Inventory may create a sense of safety, but it is often the silent destroyer of profitability. Businesses hold stock for many valid reasons—managing supply risk, ensuring production continuity, enabling immediate sales, meeting customer expectations, or anticipating price changes—but excessive inventory quietly erodes financial performance.
Yet inventory decisions, initially objective, often become subjective over time:
- Maximum/minimum stock levels are not updated as conditions change.
- Past stockouts make employees overcompensate with excessive orders.
- Many businesses do not define max/min levels at all.
- High inventory hides operational timing mistakes.
- Inventory disguises inefficiencies because its cost is not immediately visible.

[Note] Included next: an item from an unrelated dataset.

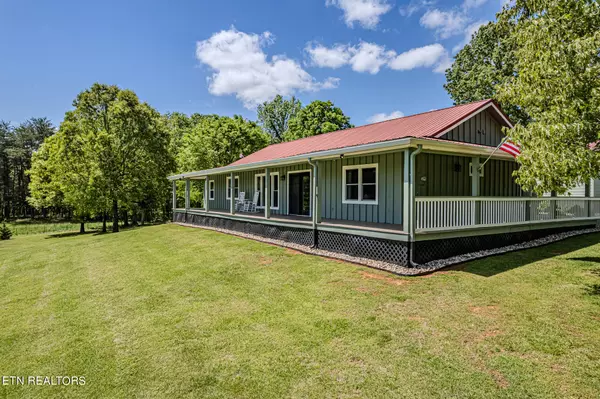 430 Peals LN, Tellico Plains, TN 37385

- Banks see inventory as collateral, creating false comfort.
- Excess inventory consumes capital, increases storage costs, and may become obsolete.
- In industries with rapid technological change, inventory loses value quickly.

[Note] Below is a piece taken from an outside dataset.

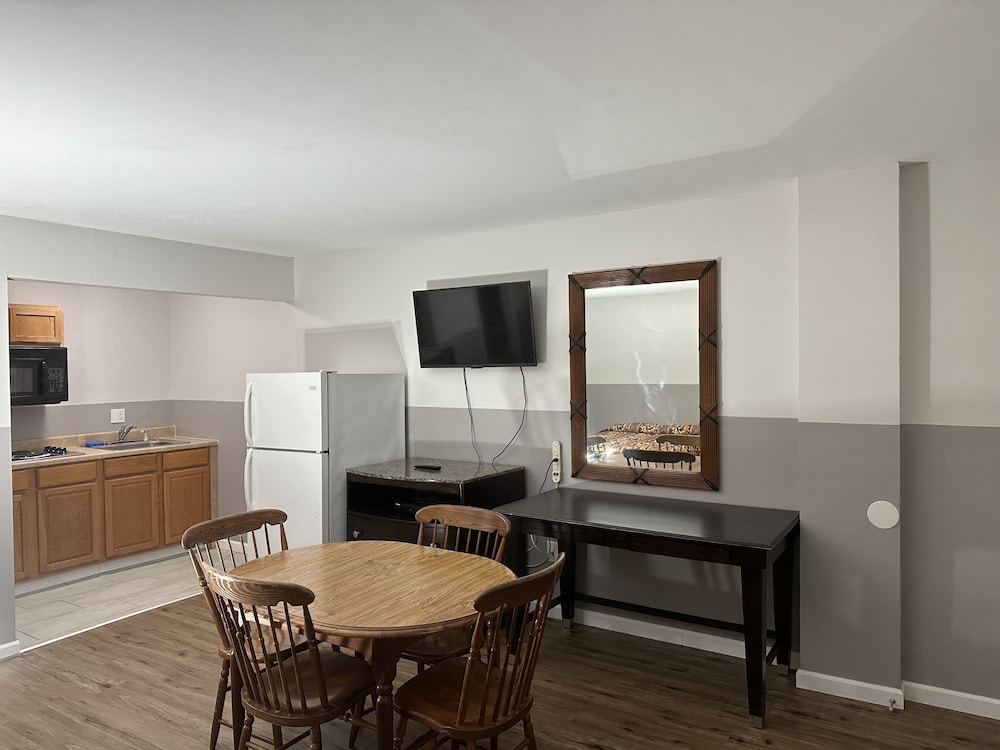 Sea Palace Motel 69/94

- Perishable and date-sensitive inventory carries high risk.
- Discontinued items remain on the books but have no real value.

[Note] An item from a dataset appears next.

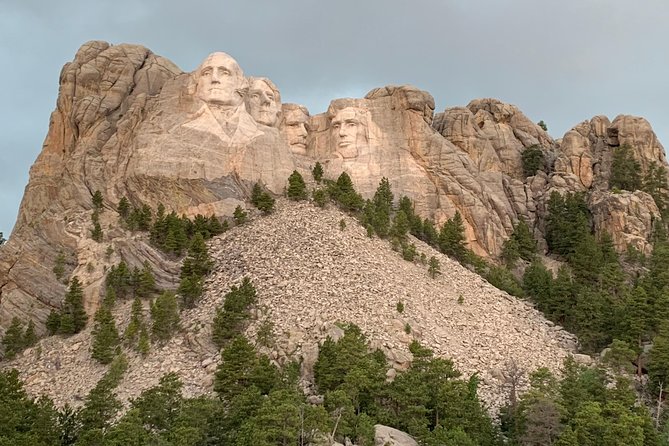 Private Black Hills Monument Package - Dining Experience During Tour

- Long-term loans used to finance inventory increase financial strain.
Obsolete inventory is rarely cleaned out—tax rules, internal politics, and fear of reporting losses prevent necessary corrections.
Inventory turnover (annual sales divided by year-end inventory) is a simple test. Whatever the number is, ask: “Why is it not lower?”
Inventory reduction requires systemization. With proper planning and scheduling based on real production requirements and supplier lead times, inventory can often be cut dramatically without harm.
That article came from the experiments we have conducted over the years.